By SARA GIBONEY
KEARNEY – Mark Boslough, an adjunct professor at the University of Mexico and an expert on planetary impacts and global catastrophes, will discuss the Chelyabinsk meteor event at the University of Nebraska at Kearney Thursday (April 10).
On Feb. 15, 2013, a 15 million pound asteroid entered the earth’s atmosphere travelling at a speed of about 40,000 miles per hour. It exploded in an airburst about 15 miles above Chelyabinsk, Russia with a power calculated to be equivalent to 30 Hiroshima bombs. Over 1,000 people were injured by the resulting shockwave.

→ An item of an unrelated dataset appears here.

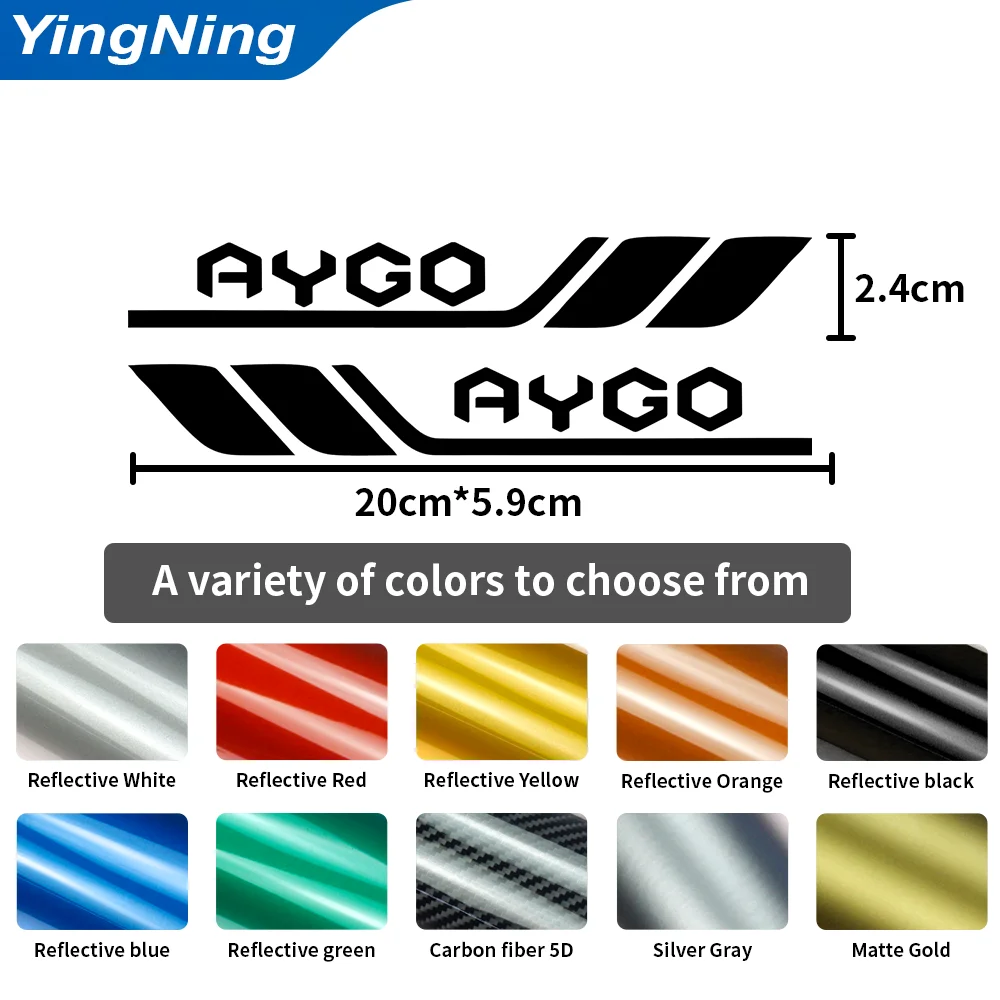 2pcs Car Small Sticker For Toyota AYGO Vinyl Car Body Creative Car Fender Reflective Leaf Door Decal Sticker Auto Accessories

Boslough, a principal member of the technical staff for Sandia National Laboratories and an adjunct professor of earth and planetary sciences at the University of New Mexico, was one of the first western scientists to travel to Russia after the impact to collect data. He will discuss his findings at 7 p.m. in the Ponderosa Room in the Nebraskan Student Union. The event is free and open to the public.
Boslough’s computer simulations have been used to estimate the size of the meteor and explosion, as well as its origin. His field research in Russia was documented by a film crew for the documentary “Meteor Strike.”
The presentation is sponsored by the UNK Department of Geography and Earth Sciences.